Marginally okay.
First, with the good. The game looked pretty darn good, nice environments and all, if a little bit on the strange side.
Other than that, I wasn't particularly entertained. A pretty simple point and click puzzle, but a bit counterintuitive. The piece of wood that I had to use to get the batteries I got by randomly clicking around the bed hoping that my idiot character would push it out of the way, there's no real indication of what to do there, unless your hope was for the player to get frustrated and randomly mouse-flail until he hit something.
After the first random flailing, I figured that it must be something else like that to continue, so that's how I found the key. I jsut started randomly clicking on everything. There needs to be some indication of what you're supposed to do, instead of just being stuck clicking everything around. Maybe there were cracks there that were supposed to be an indication, but I couldn't see them due to the darkness.
There's nothing to really connect you to the character. The game is really short, too short to make a connection, and he doesn't have much of a personality other than being too stupid to get some batteries from under the bed without a stick to reach it, and refuses to carry a rifle around because it's too heavy for him to carry around. If there was more connection to the character, the Night of the Living Dead (aka Rocks fall, everybody dies) ending might make a little more sense, as is it's just kinda... random.

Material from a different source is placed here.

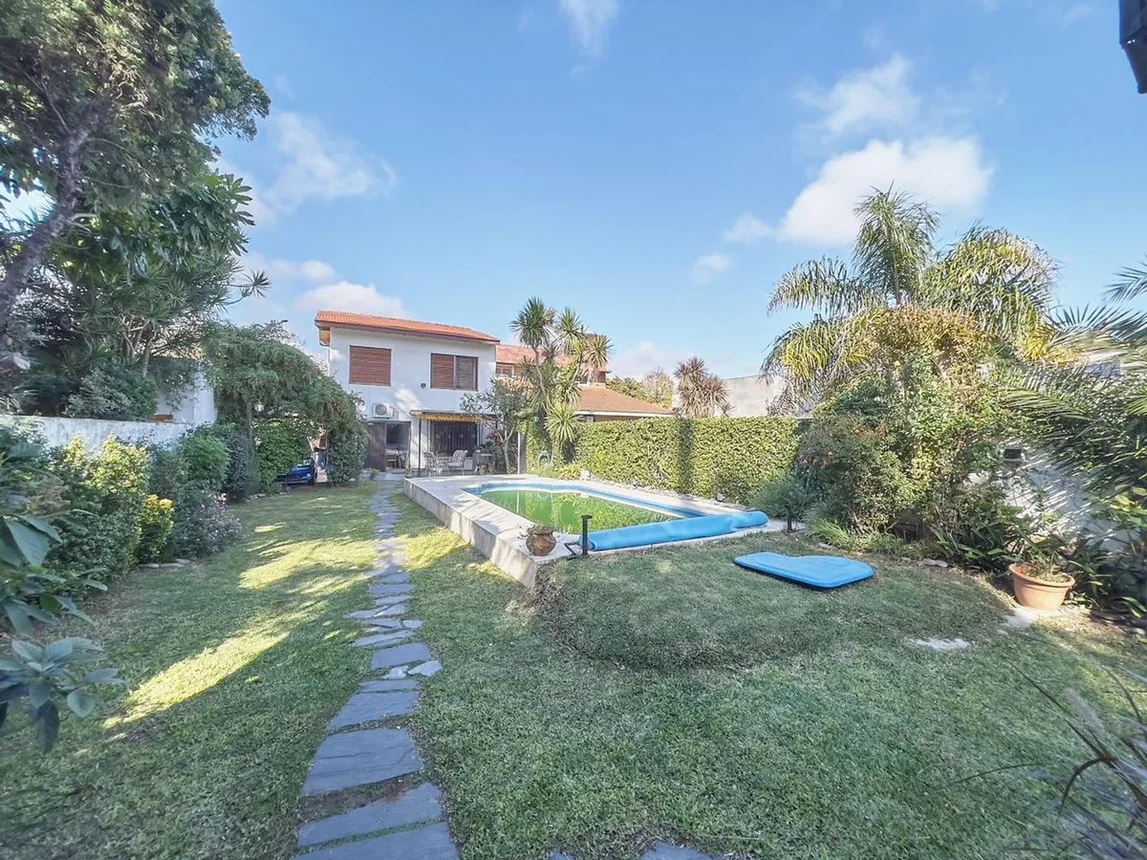 Casa en venta en Temperley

So, make the puzzles a little more intuitive. That isn't to say easier, but there needs to be some indication of what's required. Possible control over the light while you're searching around might make things easier to find, like the place to break the desk for the key. And as few items as you had, a bar with them listed across it instead of having to click back and forth between a backpack might have been in order, because 3 trips to the backpack to put batteries in a radio was a little annoying.